Tried to think about how to summarize this week, and rough start, strong end is just about perfect.  I had a very rough week.  I'm not usually much of a crier, or, at least I try not to be, but this week I did my fair share.  It started off with a really hard start to the week in school.  I have two classes that are just driving me crazy lately.  So, after those bad days at work all I wanted to do was pick up Kenley and come home and try to enjoy a few hours with her and Ray.  Kenley wanted nothing to do with me Monday, Tuesday, and Wednesday night.  She cried and tried to get away from me the second she would see me. Talk about breaking a mom's heart :(  I already have total working-mom guilt, and this only confirmed my fears that she would not want her mommy because I am spending so much time away from her.  I know that this is completely normal for kids to go through, and I shouldn't take it personally.  But, as much as I tried to tell myself that I couldn't help buy feel horrible.  So, by the third night, I basically had a break down. I was getting anxious about the weekend, since we already had plans for my parents to watch Kenley so we could go out to celebrate Greg's birthday.  I always feel so conflicted because I do like to go out sometimes, but it IS hard for me to be away from Kenley on the weekends because that is what I look forward to all week. I think it is kind of hard for me to explain, but sometimes I just get worked up anticipating being away from her even if it is just for a few hours.

But, anyway, the end of the week was better.  Thursday and Friday went much smoother at school.  I forced my one class that had been giving me hell to do silent work until the end of the week.  Two of my favorite students from another class even wrote me the sweetest letter telling me that I was their favorite teacher.  It was much better picking Kenley up those days, and we were able to spend some time together both nights. Kenley was so snuggly to me on Thursday and Saturday, that I swear, she was trying to make up for the rough nights before. Friday night we went to dinner with Joan, and it was so nice being able to catch up and have some girl talk. Saturday, we went out for my sister's graduation from her Master's Degree Program and my dad's birthday.  Later,  that night, my parents watched Kenley so that we could go bowling with Katie and Greg to celebrate Greg's birthday.  I was really glad that we went and we had a fun time.  

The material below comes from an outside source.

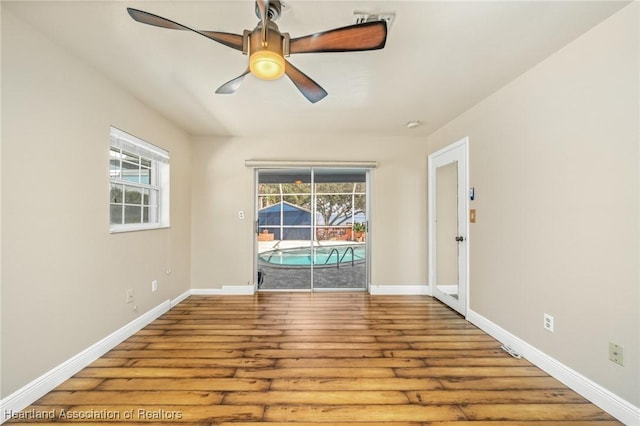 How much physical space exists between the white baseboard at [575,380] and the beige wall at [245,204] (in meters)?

I am determined to have a good week this week!  I only have 2 days of work until I start my 2 week Christmas break!  I can not wait to just be home and spend every minute with my little girl.  I know Christmas is going to be so much fun with her this year.  I am happy that Ray will also have a 3 day weekend for Christmas and New Years.  I am going to focus on my family and getting in the spirit of Christmas!